February 04, 2010
It's a rule of recruiting that all coaches are upbeat about their new players, and Ron Zook is an excited, power-positive-thinking kind of guy, generally. So when he insisted Wednesday that the latest signing class at Illinois is "going to surprise a lot of people down the road," count it as a difficult concession to the reality that success from this group -- on Zook's watch, anyway -- would stun just about everybody. A quick stroll through the message boards makes it clear enough that Illinois fans resigned themselves to another year of futility as soon it was clear last fall that Zook would be back for his sixth season, so much so that even the most hopeful Illini partisans had a hard time expressing much real disappointment in by far the most universally panned class of that tenure.

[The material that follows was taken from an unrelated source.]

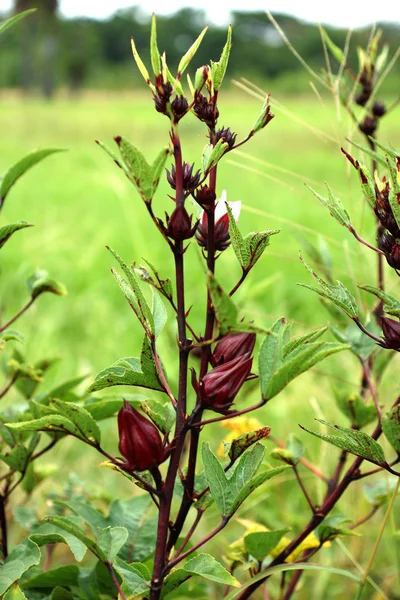 Hibiscus sabdariffa veya roselle meyve (hibiscus sabdariffa l.) — Stok fotoğraf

That pessimism persisted despite Zook's penchant for wooing solid talent in bleak circumstances, the one consistently admirable quality he's demonstrated throughout his beleaguered head-coaching career. At Florida, he brought in top-10 classes in 2003 and 2004 that formed the vast majority of the blue-chip lineup Urban Meyer molded into national champions in 2006; in Champaign, he somehow managed to land back-to-back top-30 classes in 2006 and 2007 off back-to-back two-win seasons in 2005 and 2006. He racked up another top-25 class after the Illini's improbable Rose Bowl run in 2007. That season, including wins over Ohio State, Penn State and Wisconsin, was seen at the time as Zook's breakthrough, a validation of his reputation as more than just an enthusiastic recruiter and muscly water skier.
That momentum slowed a little last year when offensive coordinator and recruiting ace Mike Locksley -- credited with plucking future stars Vontae Davis and Arrelious Benn from his hometown, Washington, D.C., and helping seal once-hyped quarterback Juice Williams out of Chicago -- left for the head-coaching gig at New Mexico, and nearly collapsed as the expected rebound season turned into a sobering descent to the bottom of the Big Ten standings last winter. After losing the highest-rated commitment in the class, in-state safety Corey Cooper, in a signing-day switch to Nebraska, the Illini wrapped up a 20-man crop Wednesday that included just one player (quarterback Chandler Whitmer) rated better than three stars and no one who even threatened to make a Top 100/250 list. One of the highest-rated members of the class, Louisiana center Alex Hill, said he chose the Illini over Duke when he prayed about it and decided he'd pick the school whose first letter, 'I' or 'D', showed up first on the next text message on his cell phone. ("It was my girlfriend, and it was an 'I'.") If it had come up 'D', the final score might have come up even worse:
The good news is that the hard-working members of this class will almost certainly not be worse than their more touted predecessors, many of whom (notably injury-plagued linebacker Martez Wilson and promising young cornerback Terry Hawthorne) are still around this fall for another stab at fulfilling some of the hype. But Zook's fate in Champaign was so wrapped up in establishing a solid foundation of success with his two would-be stars, Juice Williams and Arrelious Benn -- "success" being defined very loosely here as "seven or eight wins a year over multiple seasons" -- and he couldn't do it. Without running back Rashard Mendenhall (the only true star of the Zook era) serving as a focal point, Williams was inconsistent, inaccurate and incapable of keeping Benn, maybe the best raw talent in the Big Ten, involved in the offense. The defense, despite featuring the likes of Davis (now an NFL starter) and Wilson (once a five-star recruit), has consistently finished in the bottom half of the conference. Last year's team, which should have been Zook's most talented, most experienced and best-positioned to make a darkhorse run at the Big Ten title, immediately spun into a tailspin that looked like a regression to Zook's first Illini squad in 2005.
The core of that team -- the talent that a borderline contender on paper -- is off to the NFL with its tail between its legs. (Well maybe not Juice, but not for lack of natural talent.) To steal Zook's construction analogy, that group was supposed to be the foundation of a program that, instead, clearly hasn't gotten off the ground yet. If the latest crop is supposed to be "the mortar" that holds the thing together, who at this point is supposed to be the bricks?